I added a reset of the number of improvements in case the algorithm find a better solution. In this way each a better solution is found, the algorithm tries 10 times to improve it and after that it stops

### Runs

Three runs have been made generating each time different sets and the results were the same for each run.

| Num Points & Sets | Density | Solution Size | Number of Cycles |
| ----------------- | ------- | ------------- | ---------------- |
| 100               | .3      | 11            | 24               |
| 1000              | .3      | 16            | 54               |
| 5000              | .3      | 19            | 47               |
| 100               | .7      | 4             | 17               |
| 1000              | .7      | 6             | 21               |
| 5000              | .7      | 8             | 18               |


## Maximum failed improvements: 5

Given that the challenge objective is to find the best solution with the fewest calls to the fitness functions, I decided to try to reduce the number of failed improvements to 5.
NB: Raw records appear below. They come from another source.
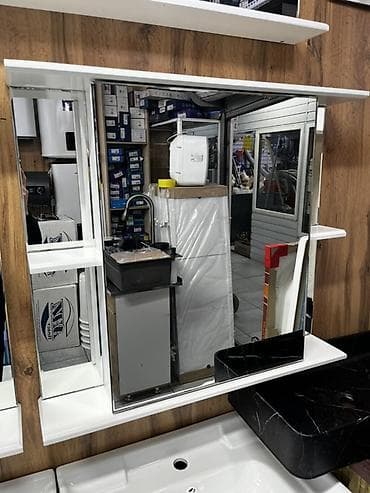 зеркало с полочками: Настенное зеркальное панно для ванной комнаты с боковыми полочками. - — 1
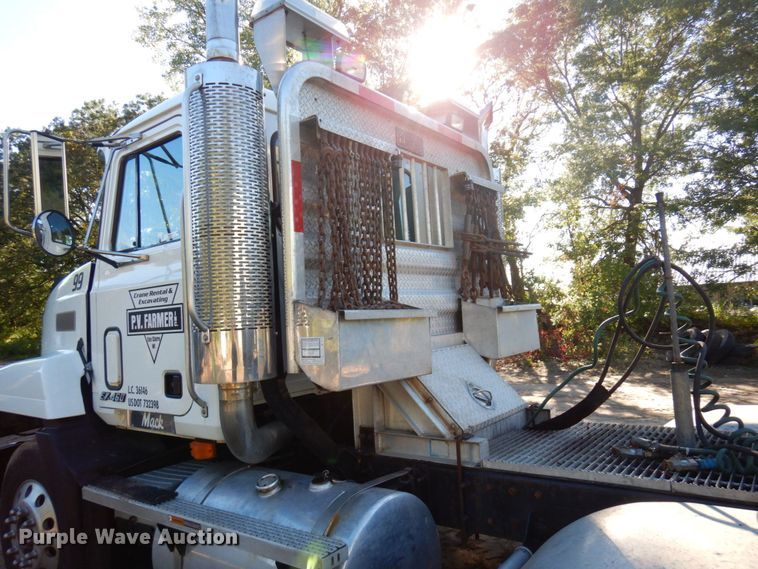 image for item MH9221 1999 Mack CH613  semi truck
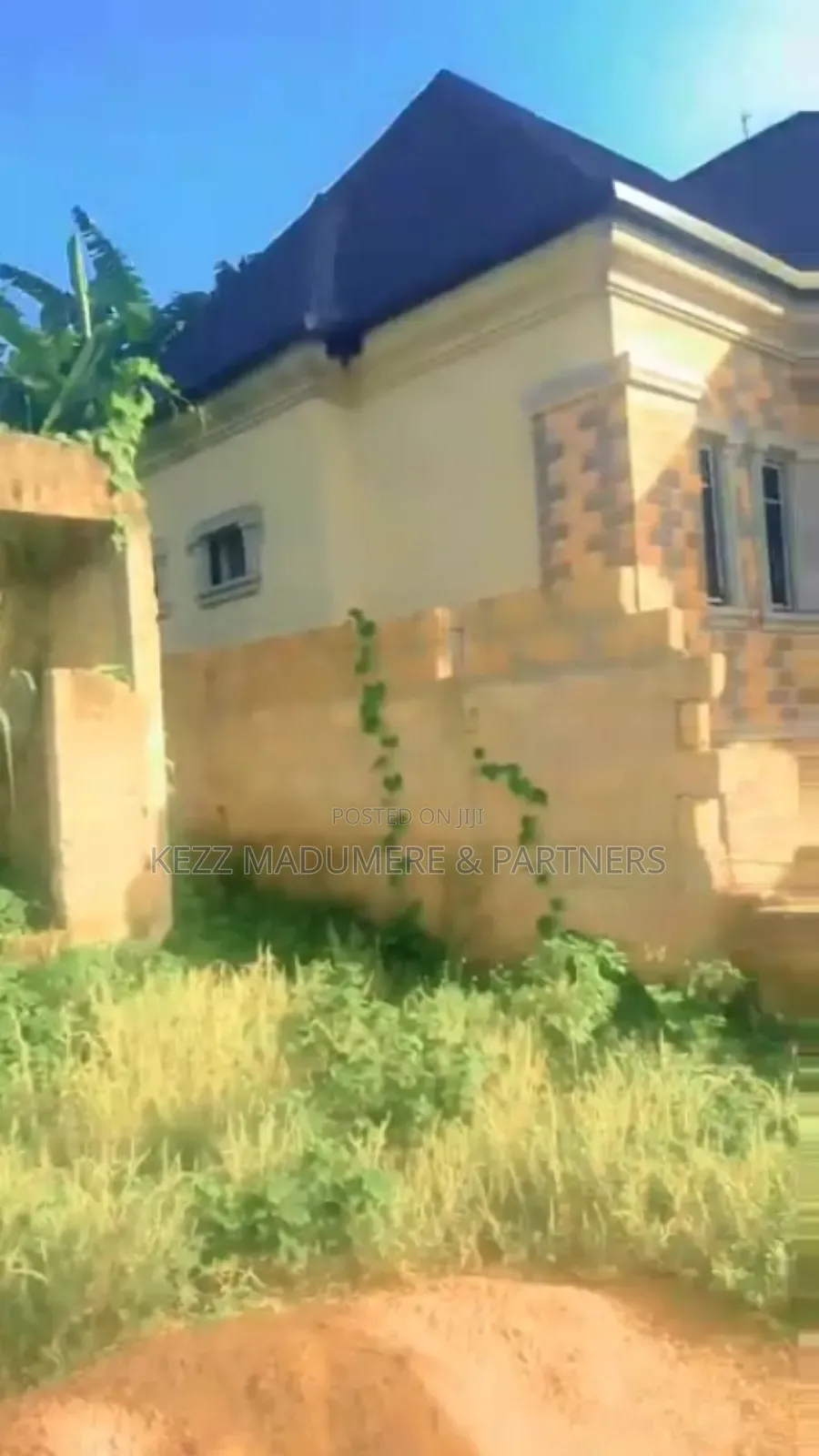 3bdrm Bungalow in Isieke Umuahia Abia for sale in Umuahia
| Num Points & Sets | Density | Solution Size | Number of Cycles |
| ----------------- | ------- | ------------- | ---------------- |
| 100               | .3      | 11            | 38               |
| 1000              | .3      | 17            | 22               |
| 5000              | .3      | 18            | 33               |
| 100               | .7      | 3             | 10               |
| 1000              | .7      | 6             | 13               |
| 5000              | .7      | 7             | 14               |

## Maximum number of concecutives failed improvements: 5.

Same reasoning as before.

| Num Points & Sets | Density | Solution Size | Number of Cycles |
| ----------------- | ------- | ------------- | ---------------- |
| 100               | .3      | 11            | 19               |
| 1000              | .3      | 21            | 35               |
| 5000              | .3      | 20            | 39               |
| 100               | .7      | 4             | 9               |
| 1000              | .7      | 6             | 11               |
| 5000              | .7      | 7             | 18               |